Almost — but not yet.
The United States has seen the destruction of some of its biggest names in finance, thousands of lost jobs and threats to the stability of the world banking system. All in one week.
The losses are staggering, more than $1 trillion in taxpayer dollars pledged by the U.S. government to mop up bad mortgage debt and prop up the financial system. The final tab could be far greater.
To put it in perspective for Wall Street and the world outside, news outlets have latched onto the 1929 crash and the subsequent Great Depression as their historical benchmarks.
Michelle Caruso-Cabrera, a reporter at business news cable network CNBC, told viewers it was “one of the most historic weeks in financial and American history.”
Hold on a minute, market veterans and scholars say. It’s serious, because it has been preceded by a 13-month credit crisis that has gotten worse despite government efforts to solve it. But it has yet to reach the cataclysmic scale of the Depression.
“I’ve lived through plenty of debacles. Each time you go through it, it seems like the worst since 1929,” said Theodore Weisberg, a New York Stock Exchange member for some 40 years.
“The nomenclature of the word ‘crisis’ has cheapened,” said Roy Smith, a professor at New York University’s Stern School of Business and former partner at Goldman Sachs (GS.N).
No one disputes that it is a profound crisis, but Depression-level may be overdoing it, said Allan Sloan, Washington Post and Fortune magazine columnist.
“I don’t think so, considering that the Great Depression had thousands of banks failing and people losing their life savings, 25 percent unemployment and social unrest and tent cities of the poor,” Sloan said.
Financial earthquakes that have prompted fearful murmurings of the bad old days include the Asian financial crisis in the late 1990s and the dot-com bust early in this decade that wiped trillions of dollars of paper wealth off the Nasdaq market.
Then there was October 1987, when stock markets around the world crashed. History books are spotted with numerous references to Black Mondays, Tuesdays and Thursdays.
It is clear that the current financial meltdown that killed Lehman Brothers LEH.NLEHMQ.PK, sold off Merrill Lynch MER.N and forced the U.S. government to take over insurance provider American International Group (AIG.N) could radically change nearly a century’s worth of financial policy.

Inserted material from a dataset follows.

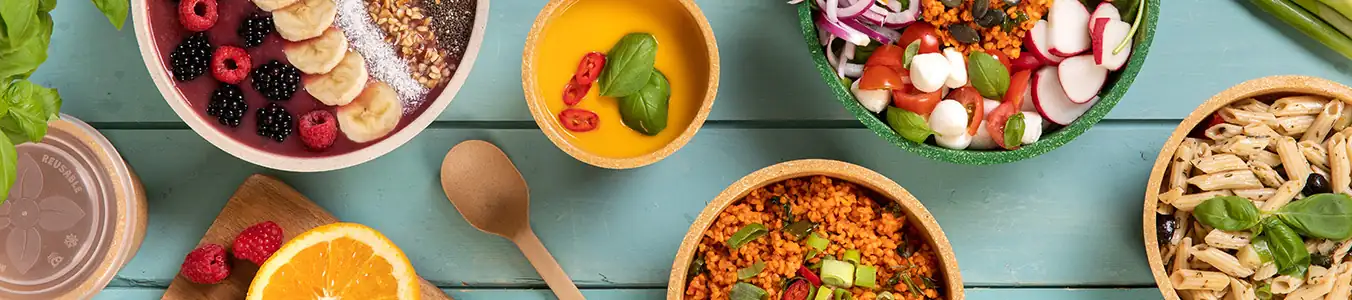 Ciotole colorate piene di vari alimenti, tra cui frutta, pasta, insalata e cereali, disposte su un tavolo di legno.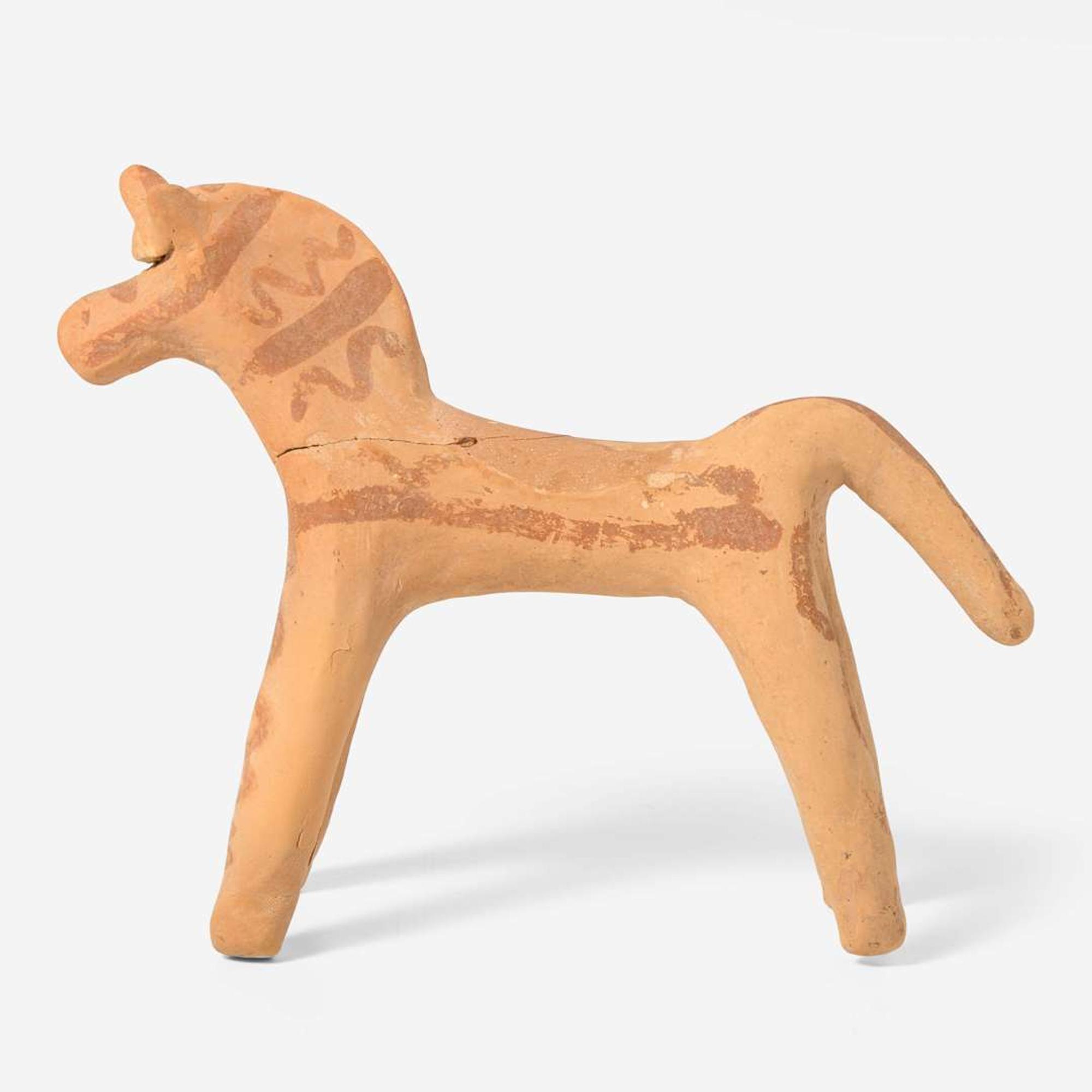 A Boeotian terracotta figure of a horse circa 6th century B.C.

Each faltered on debt and other interrelated, complex financial instruments that ensured a more rapid collapse than Wall Street and regulators could handle.

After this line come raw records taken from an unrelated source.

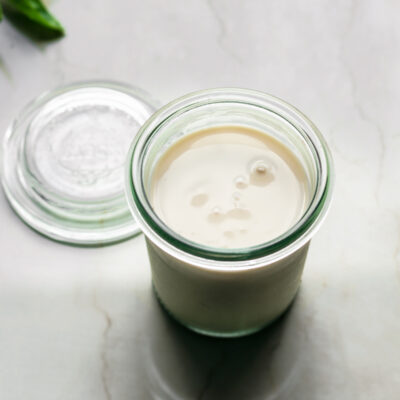 Oat cream in small glass jar.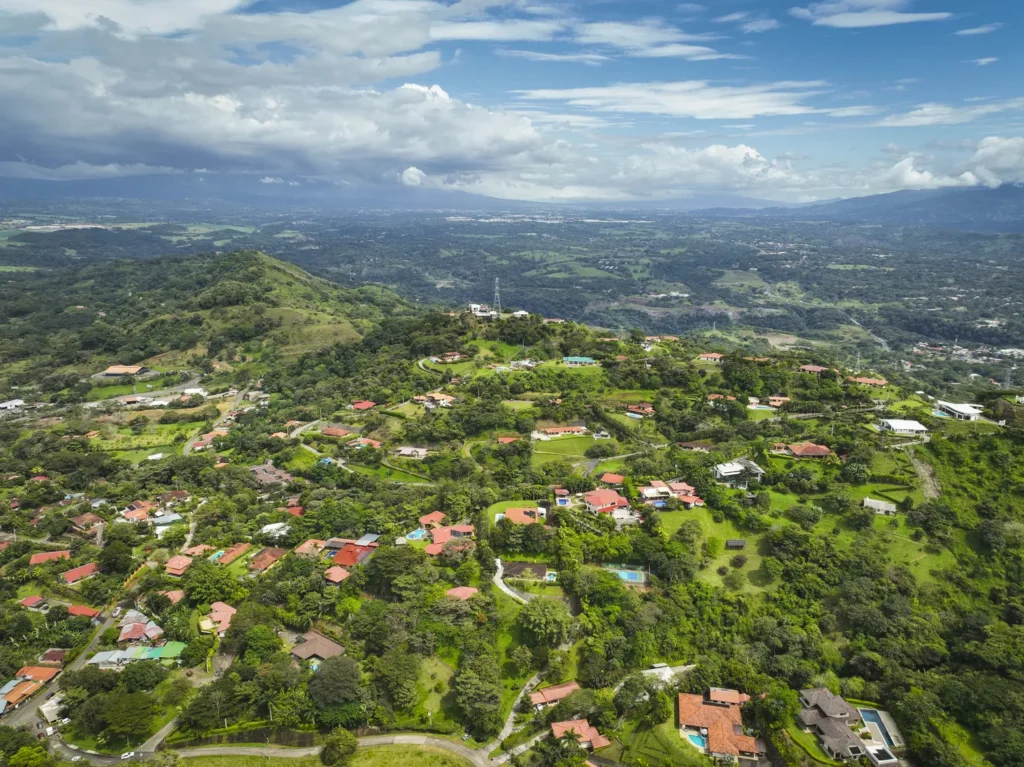 Aerial view of lush green valley and hills.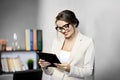 Attractive woman in black-framed glasses is smiling while reading or watching something on digital tablet Royalty Free Stock Photo
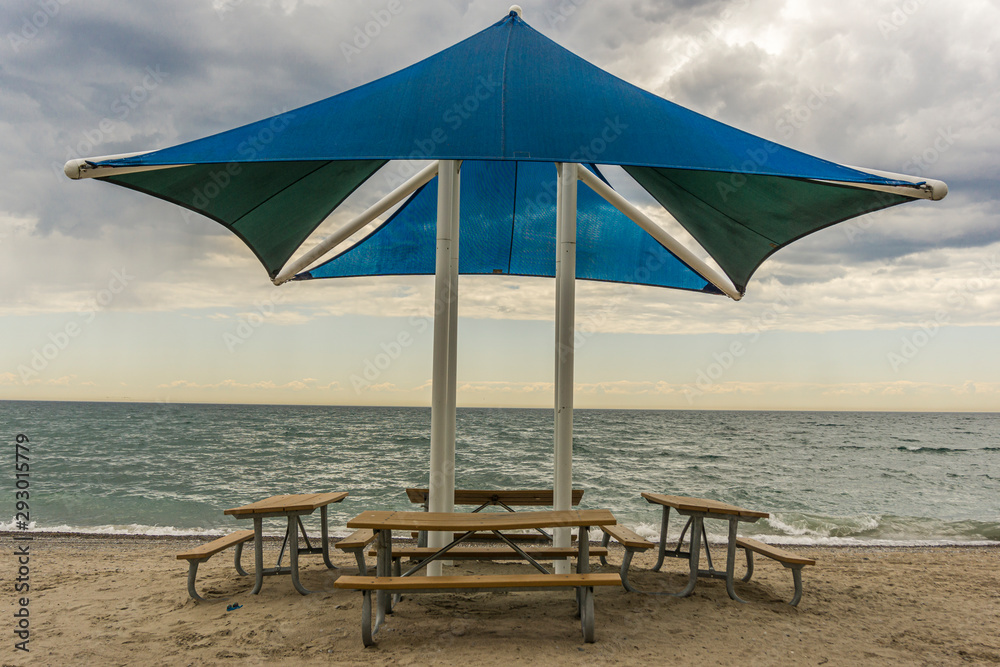 Public beach shelter and benches at Pickering waterfront, Ontario, Canada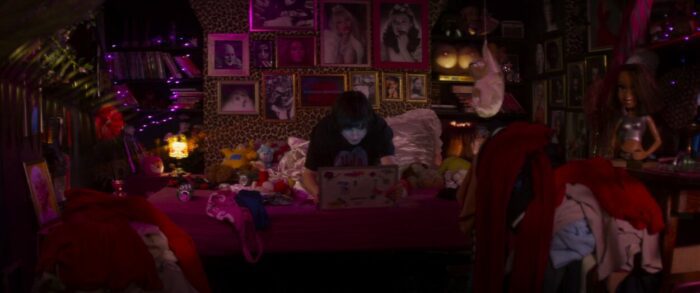 Dorothy sits hunched over her laptop in her pink room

That is a key similarity to the crash 79 years ago, said Maury Klein, professor emeritus at the University of Rhode Island and author of “Rainbow’s End: The Crash of 1929.”

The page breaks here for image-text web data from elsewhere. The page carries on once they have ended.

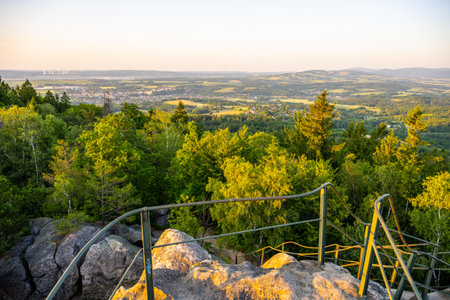 Enjoy breathtaking views from Popov Cliffs in the Lusatian Mountains as the sun sets, casting golden hues over lush landscapes and the charming valley below.の写真素材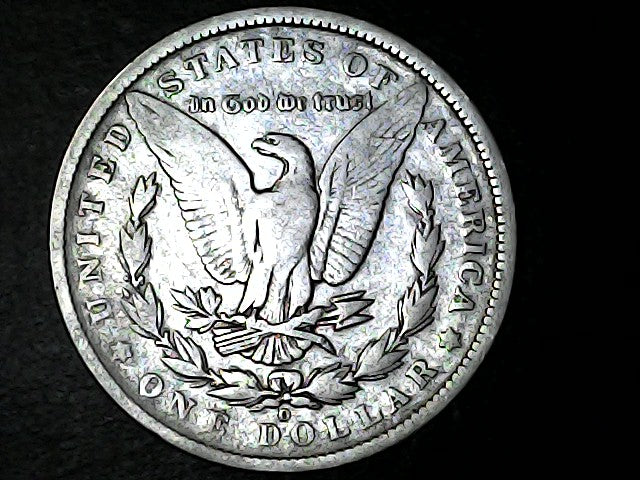 Silver Dollar with an eagle design with "O" inscription on a black background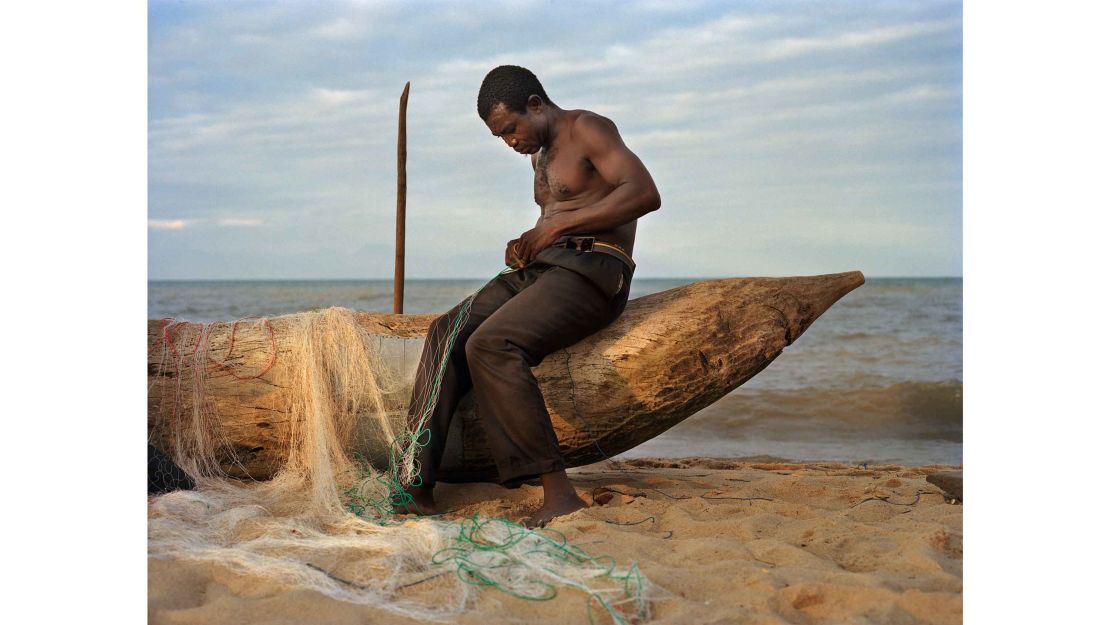 Fisherman Peter Chirwa, 45, prepares his nets in Ngosi Village, Malawi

“What’s similar in each case is you have a situation where you’re starting to play in ever-larger stakes with things that you don’t understand,” he said.
But today’s overall U.S. economic picture is quite different.
“With just 6 percent unemployment, we are having a debate as to whether we are even in a recession,” said Richard Sylla, professor of the history of financial institutions and markets at New York University.
Prominent economic columnist Robert Samuelson wrote a piece in the Washington Post in July titled “A Depression? Hardly.” He said he would write the same column now, but “with less conviction.”
That is because there is no telling where the erosion will stop. The bad-bet loans made on homeowners during the recent U.S. housing boom and shady trades could burrow deeper into the financial nervous system than anyone anticipated.
This can hurt regular people too. It may destroy their investments, further degrade home values and cost them their jobs. It may be hard, but not as hard as eating a loaf of bread as their sole daily meal before sleeping under the stars.
“The only question is whether the crisis is so deep that you can’t get at it at all,” said Columbia University professor and Council on Foreign Relations Senior Fellow Jagdish Bhagwati. “We have instruments like the Federal Reserve coming in. Only the United States could do it in such a big way.”
The fear at the back of everyone’s mind is that the turmoil could spill into the real economy — “the factories where they actually make things and retail establishments and transportation providers,” said Robert Bruner, dean of the University of Virginia’s Darden School of Business.
Federal Reserve Chairman Ben Bernanke and U.S. Treasury Secretary Henry Paulson are determined to avoid the mistakes of 1929, said Brad DeLong, economics professor at the University of California, Berkeley.
“They want to make their own, new mistakes.”